• [Description of the task] Each line starting at the one that contains "Dimensions=1280x720" and ending at the one that contains "Date added=Apr 01, 2014" must be returned exactly, and the rest of the listing is left out.

• [Data to examine]
--

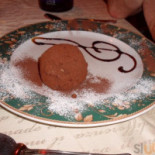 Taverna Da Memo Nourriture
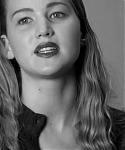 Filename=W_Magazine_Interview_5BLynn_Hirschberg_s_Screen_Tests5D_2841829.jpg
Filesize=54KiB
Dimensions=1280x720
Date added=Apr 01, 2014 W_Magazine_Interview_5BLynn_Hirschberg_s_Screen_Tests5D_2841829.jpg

--

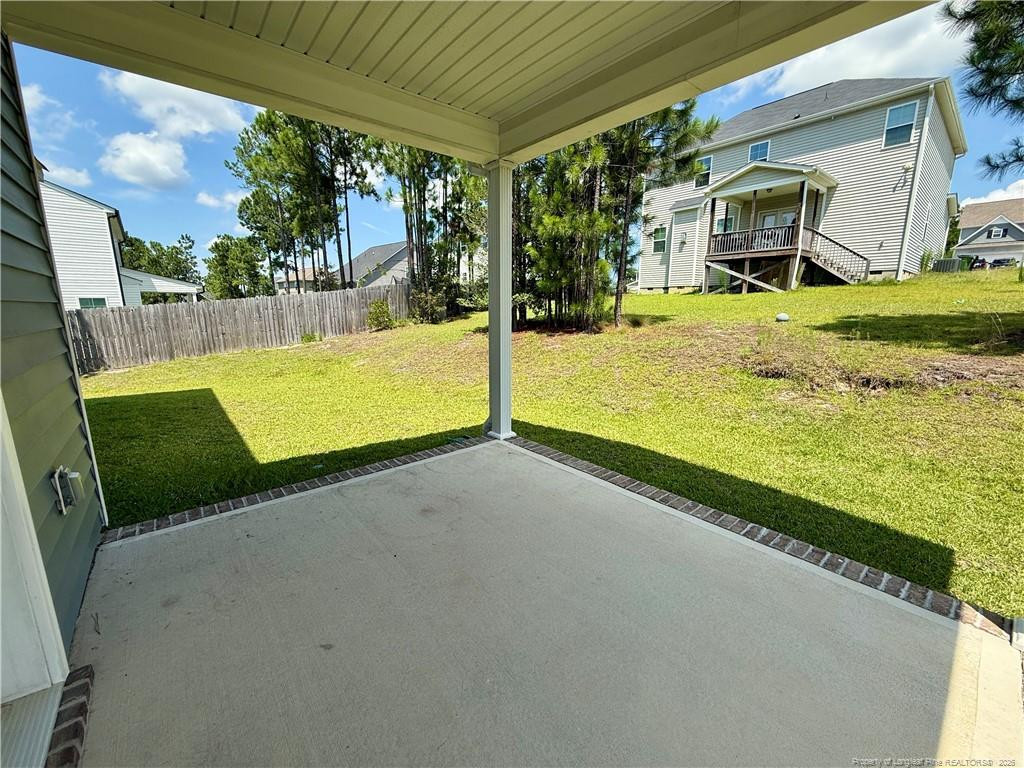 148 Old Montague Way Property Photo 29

--

• [Worked solution]
Dimensions=1280x720
Date added=Apr 01, 2014 W_Magazine_Interview_5BLynn_Hirschberg_s_Screen_Tests5D_2841829.jpg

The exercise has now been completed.